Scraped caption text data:
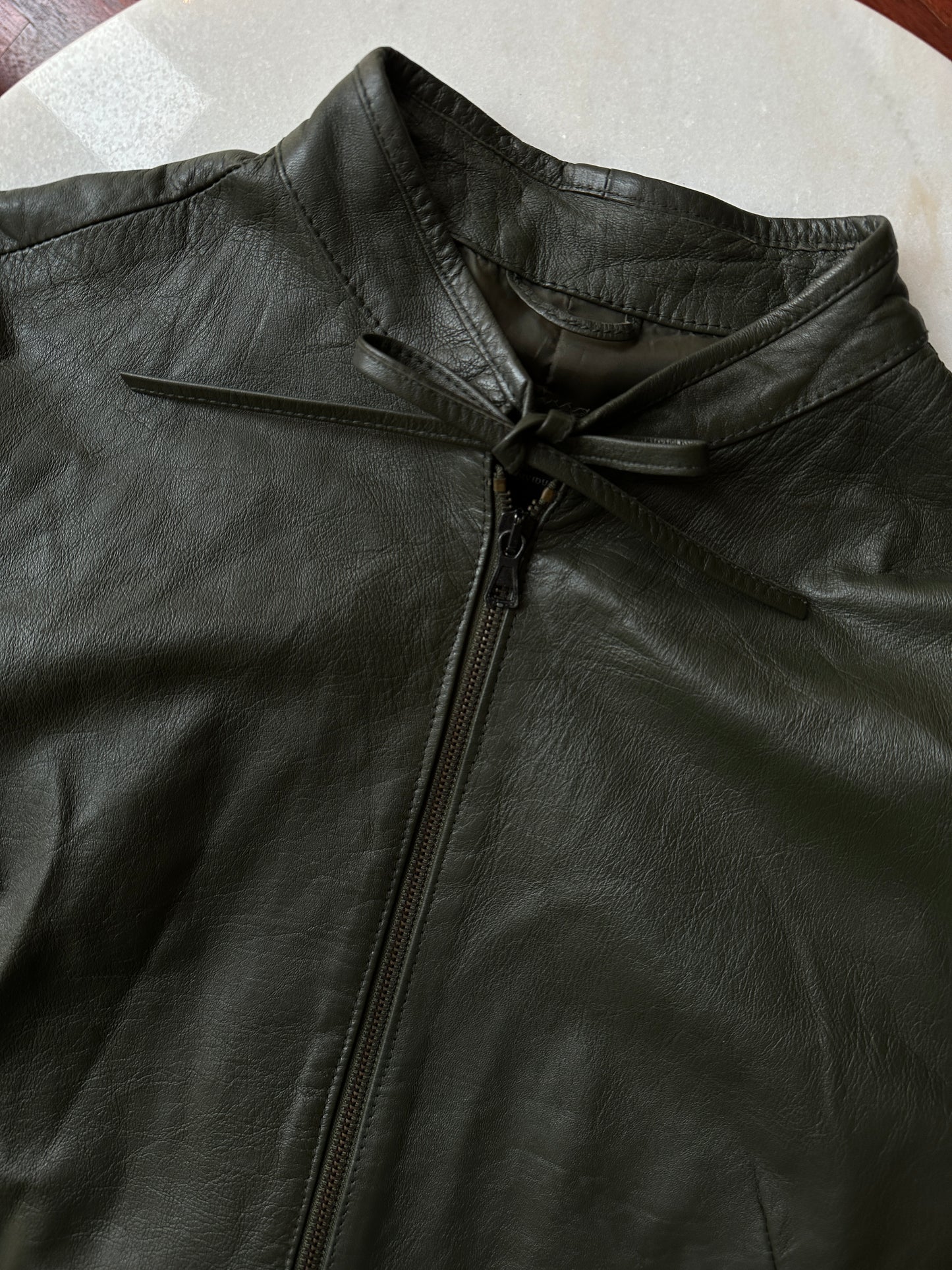 Bow detail vintage green leather jacket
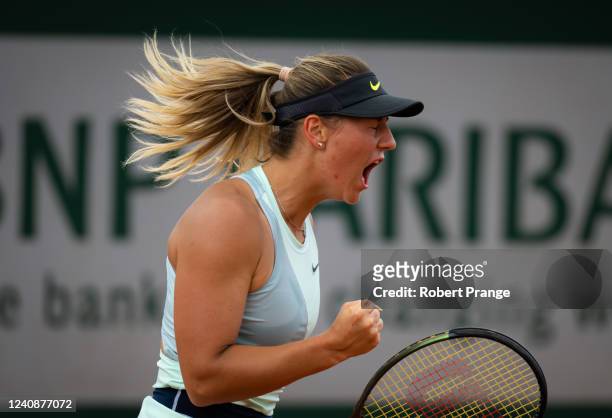 Marta Kostyuk of Ukraine in action against Mayar Sherif of Egypt in her first round match on Day 3 at Roland Garros on May 24, 2022 in Paris, France
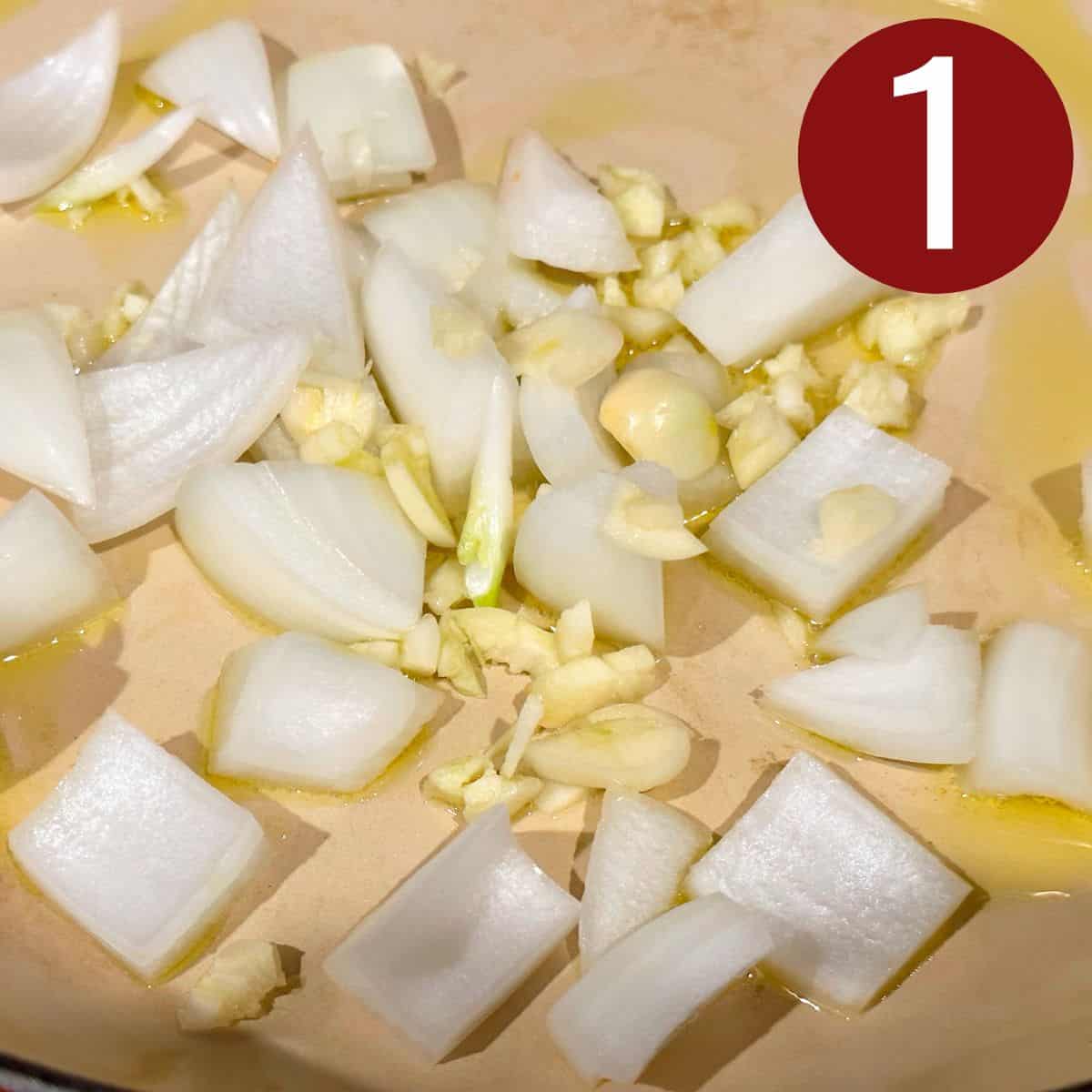 Garlic and sliced onions in a skillet with oil.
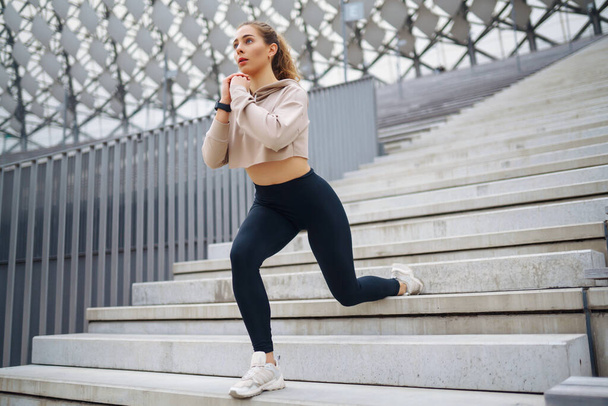 Sports woman in sportswear does exercises outdoors. Young woman doing stretching exercise. Sport, active lifestyle, healthy lifestyle concept. - Fotografie, Obrázek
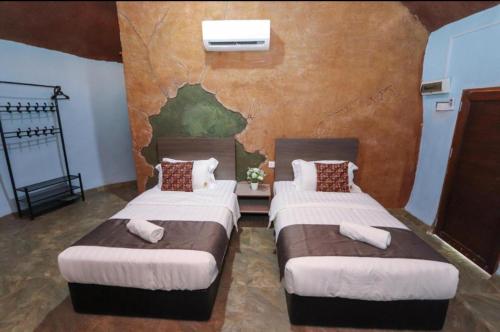 Un ou plusieurs lits dans un hébergement de l'établissement Mushroom Villa Best homestay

# What this task involves
Without the pictures, give back every record precisely as shown.

# Exercise result
 Bow detail vintage green leather jacket
 Marta Kostyuk of Ukraine in action against Mayar Sherif of Egypt in her first round match on Day 3 at Roland Garros on May 24, 2022 in Paris, France
 Garlic and sliced onions in a skillet with oil.
 Sports woman in sportswear does exercises outdoors. Young woman doing stretching exercise. Sport, active lifestyle, healthy lifestyle concept. - Fotografie, Obrázek
 Un ou plusieurs lits dans un hébergement de l'établissement Mushroom Villa Best homestay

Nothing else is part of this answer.